Irritable, Restless and Discontent


That's me, baby! I am ridiculously grumpy and mean lately. I don't know how anyone around me can stand me -- I can't stand me. I am irritated at every single meeting I go to. I'm annoyed by all the people on the subway. When someone talks, I hear, "blah, blah, blah." I about died in a meeting the other night. I just kept thinking, "Shut up! Shut up. Can't you stop talking? Oh, no. Do we really need to hear this again!? Get me out of here -- fast!"

Does that sound at all normal? No! I'm a total freak. My family is going to banish me from the house soon. I'd probably be out already except that I do provide laundry, taxi, and chef services.

Even my escapes to Europe (via my travel DVDs) aren't enough. Lately, when I watch them I just think, "Darn! Why can't I be in France eating a fresh crepe? Why can't I be strolling through Belgium eating some of those delicious twice-cooked Flemish fries? Why can't I be sauntering through a medieval castle along the Rhine in Germany?" And on and on my trippy mind goes for 45 minutes with this ridiculous "poor me" self talk.

So, what's the deal? I don't know. It could be that awkward time before spring; it could be worrying about finances; it could be me stressing out over my kids' future. Or . . .hum . . it could be this ridiculous "calorie counter" website I'm now addicted to where you record every single thing you eat and it grades you. Seriously. It does. I was a freaky perfectionist student all through school and now I'm a 47 year old woman who has to get an A on my calorie counter website every day. I feel like a freaking field grazing goat!
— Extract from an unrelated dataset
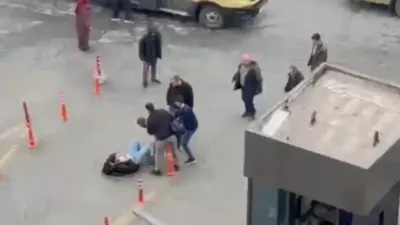 İstanbul'da 25 TL'lik minibüsçü dehşeti saniye saniye kamerada!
I need to get me some tiramisu!!!

1 comment:

Suzanne Duchesne said...

How on earth did I find you! You could be the mirror image of me, except that I am 8 years your senior. I too, am restless, irritable and discontent. I've been married to the same man for 20 years, we have an 18 and 16 year old living at home. Two dogs, a nice house, a small cottage. Yet my life seems empty and meaningless, totally without excitement. I, too, worry about my children's future and also their lack of excitement for life. I keep saying to myself that "this too shall pass", but I sure would love to drive into the sunset and never look back!